Grand merci Shanidar pour ton exposé de la relecture promise (et ton analyse sociétale) !

Oui, lis Le sexe et l'effroi de Quignard, fort "latin" mais très intéressant. Petit avant-goût :
« Apotropaion veut dire en grec l’effigie qui écarte le mal et dont le caractère terribilis provoque en même temps le rire et l’effroi. Le grec apotropaion se dit en latin fascinum. Le fascinum (le fascinus artificiel) est un baskanion (un préservatif contre le mauvais œil). »
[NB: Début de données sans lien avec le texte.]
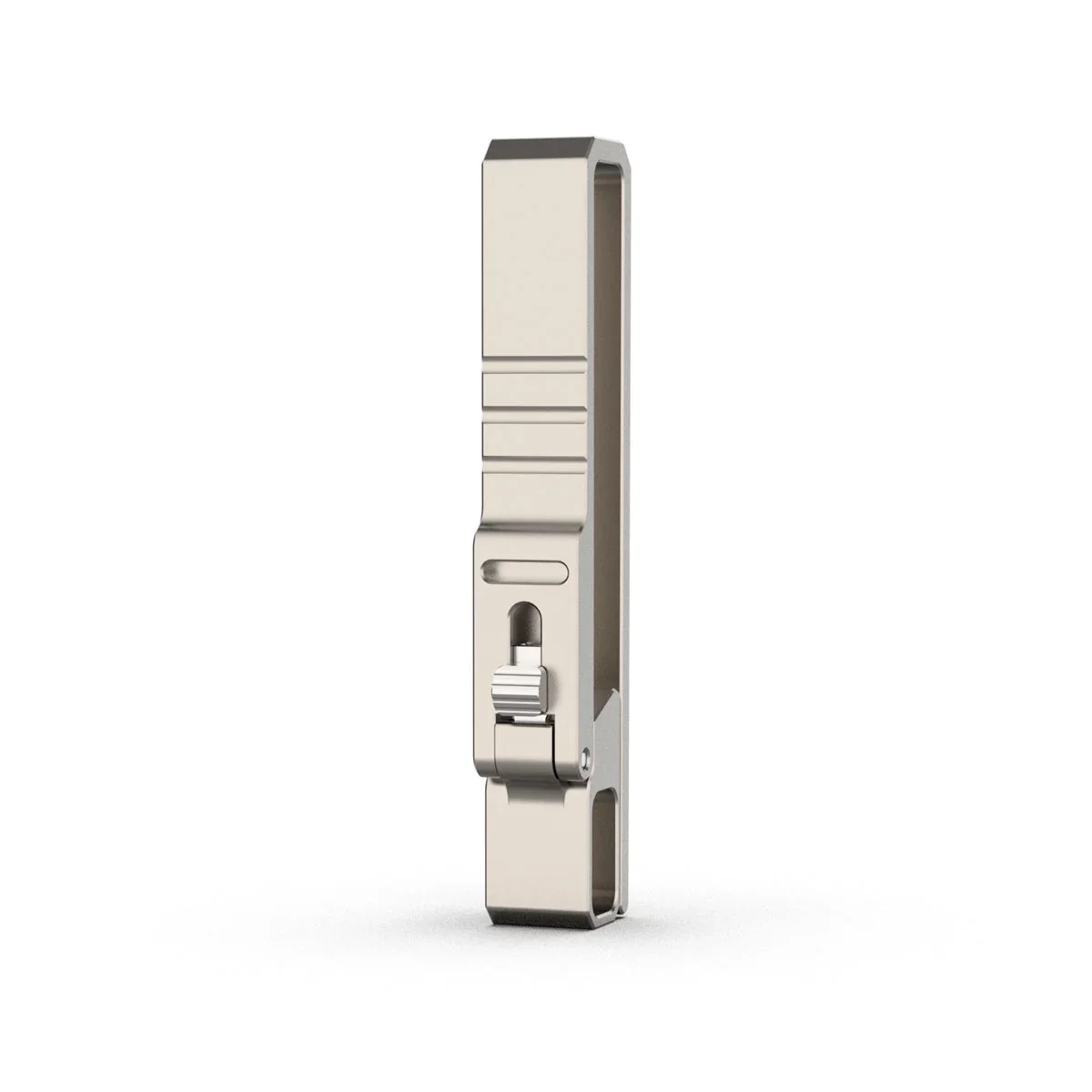 Titanium Belt Clip V2 - Image 6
Pascal Quignard, « Le sexe et l’effroi », III

Shanidar a écrit:Peut-être, son désir de voyages qui l'emportera jusqu'en Afrique, vient aussi de l'ouverture d'esprit que les arts ont offert à l'enfant (du moins c'est ce que je me plais à croire) et pas seulement le résultat d'un désir irrépressible de fuir.
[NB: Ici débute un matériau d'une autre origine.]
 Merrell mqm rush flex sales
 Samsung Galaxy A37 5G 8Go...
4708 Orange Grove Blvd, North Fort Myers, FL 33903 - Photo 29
Il faut maintenant que tu lises L'Afrique fantôme, comme tu (te) le "promettais" plus tôt, pour nous faire ton commentaire bounce , et constater que la fuite est quand même pour beaucoup dans le désir de départ en voyage. Il n'est pas le seul concerné, depuis Baudelaire, par ce qu'on a appelé le "complexe de Gauguin"...
Voilà deux commentaires de Leiris à ce propos :
« [Le départ en voyage/ Afrique est] un moyen de lutter contre le vieillissement et la mort en se jetant à corps perdu dans l’espace pour échapper imaginairement à la marche du temps. »
Michel Leiris, cité par Jean Jamin, introduction à Miroir de l’Afrique
« …] que le voyage enfin, tel que je le concevais (une prise de distance solitaire), loin d’être une façon de se faire que ce qu’on est en changeant de décor n’est que pur déplacement d’un personnage toujours identique à lui-même, nomade rien que spatial qui traîne derrière soi – renforcés plutôt que diminués par son isolement relatif – ses inquiétudes, son narcissisme et ses manies. »
Michel Leiris, « La règle du jeu », « Fourbis », « Dimanche »

Shanidar a écrit:la société bourgeoise figée dans sa poule au pot
Personnellement, je n'ai rien contre la traditionnelle poule au pot, loin de là !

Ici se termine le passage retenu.